Cathy Kyle-Fenton opened the performance and it was immediately clear why she called this raw footage. Studio Léonard-Beaulne is a small venue – capacity is only 65 seats – but any bigger, and I don’t think raw footage could work. The sound of Kyle-Fenton’s feet swishing against the floor to the slow measured breathing against the backdrop of a guitar-plucking soundtrack that sounded like how a summer breeze feels, setting the table for a performance that was raw, honest, and wide open to interpretation.
The second act, titled “The Pink Lady”, features Mary Catherine Jack in a tight-fitting evening gown, portraying a woman fighting against the forces of time and the inevitability of fading beauty. Her confident sexuality — amplified by her intense eye contact with the audience as she thrust her hips and slid her body atop and across a table and chair — devolves into panic as her “face, tits, thighs, and ass” aren’t where they should be anymore.
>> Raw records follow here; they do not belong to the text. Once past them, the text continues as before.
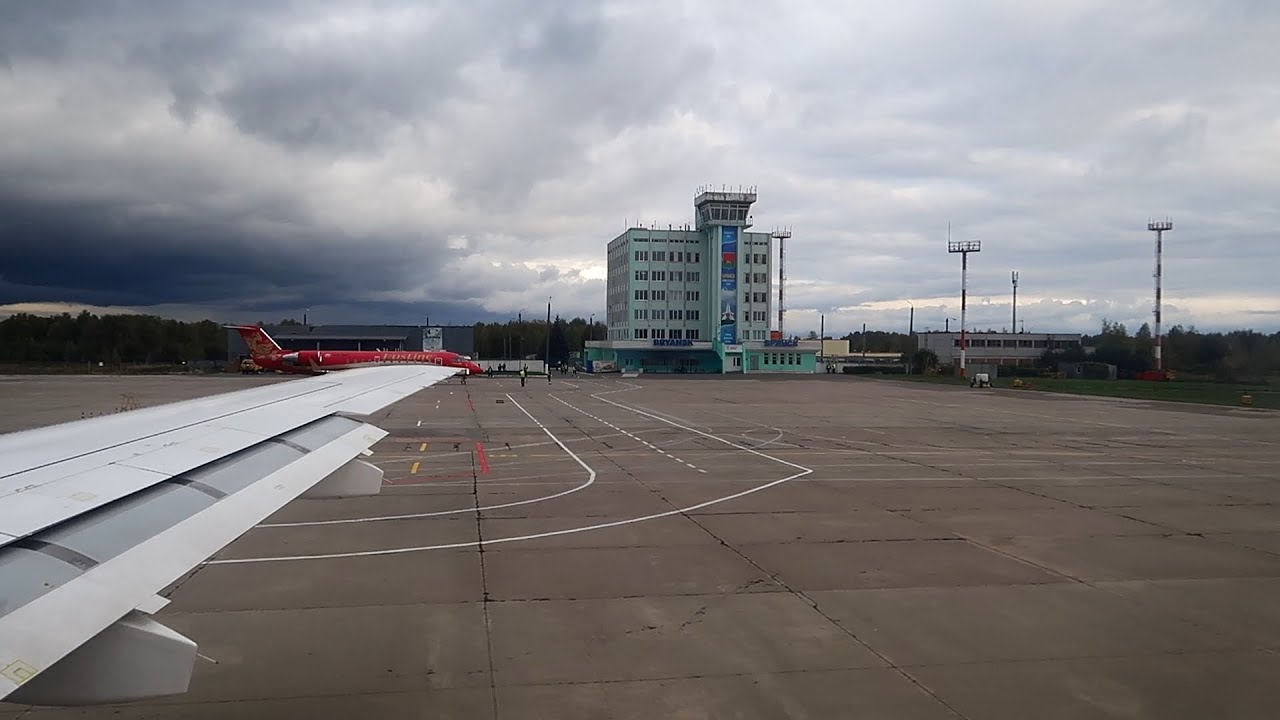 Брянск - Санкт-Петербург Superjet 100 Азимут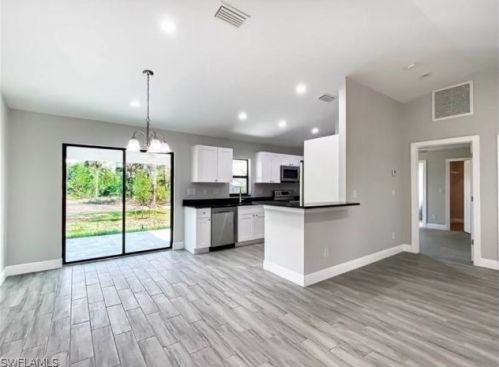 524 Lone Star Ln, Lehigh Acres FL  33974-0778 exterior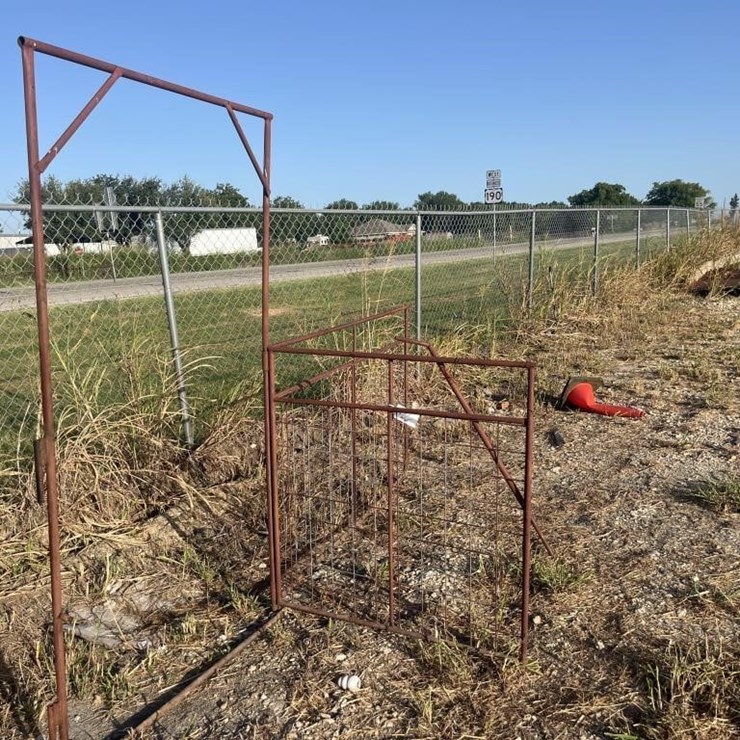 L1 - Livestock Entry Gate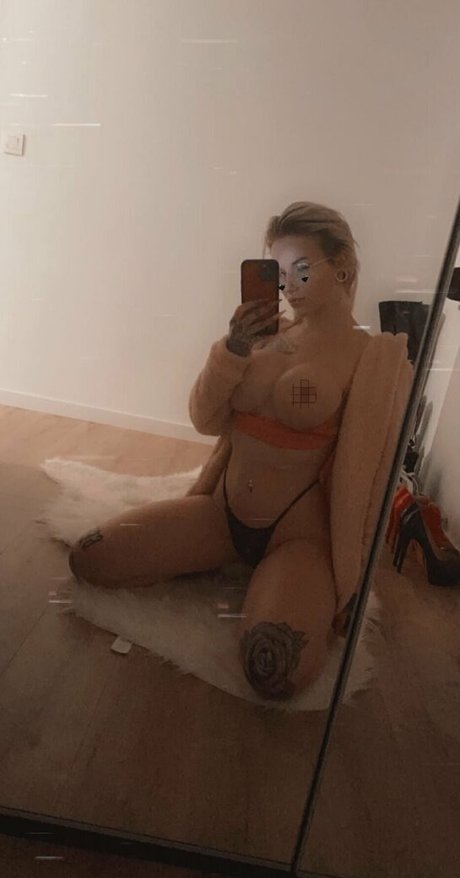 Naken läckt OnlyFans-bild av Kayleywoutersfree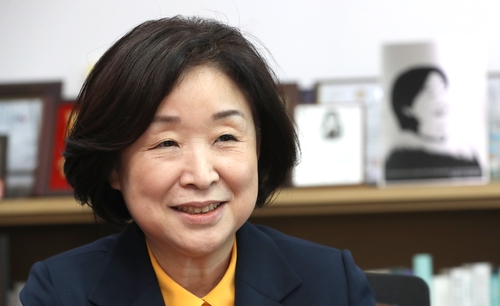 연합뉴스와 인터뷰하는 정의당 심상정 대선 후보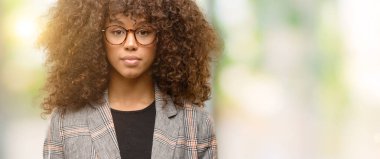 Afrikalı-Amerikalı kadın ciddi düşünme akıllı yüzünde ceketin kendine güvenen bir ifade ile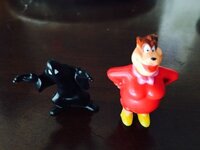 ディズニーキャラでmマークの付いた目玉おやじに似たような キ Yahoo 知恵袋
Described as a desire to surround oneself with life-giving light, “…to the light”, the third and last act has candles vaguely arranged like the stars of the constellation Pleiades. The stage light fades in and Nicola Henry appears: young, beautiful, sombre and full of grace — like the moon in a field of stars on a pitch black night, as the music, slightly glitchy and disjointed, pounds on like a beating heart as Henry absorbs all the light around her, and everything fades to black.
raw footage is an honest, experimental, and minimalist work-in-progress. At times, the narrative felt a little muddled and ambiguous – but as an exercise in interpretive dance, this was probably intentional. With minimal props and excellent lighting work, the dancers were always the focus — captivating in their movement and challenging me to understand their stories. At times, the music felt a little out of place, but not enough to detract from the intensely personal performances. This is the kind of show for audiences that want to feel challenged — and if you’re looking for something straightforward, this is not for you.
raw footage is playing at Studio Léonard Beaulne on the Univeristy of Ottawa campus (135 Séraphin-Marion Private) on Saturday, June 18 – 5:00pm; Sunday, June 19 –7:00pm; Tuesday, June 21 – 7:30pm; Friday, June 24 – 5:30pm; Saturday, June 25 –3:00pm. Tickets are $12.)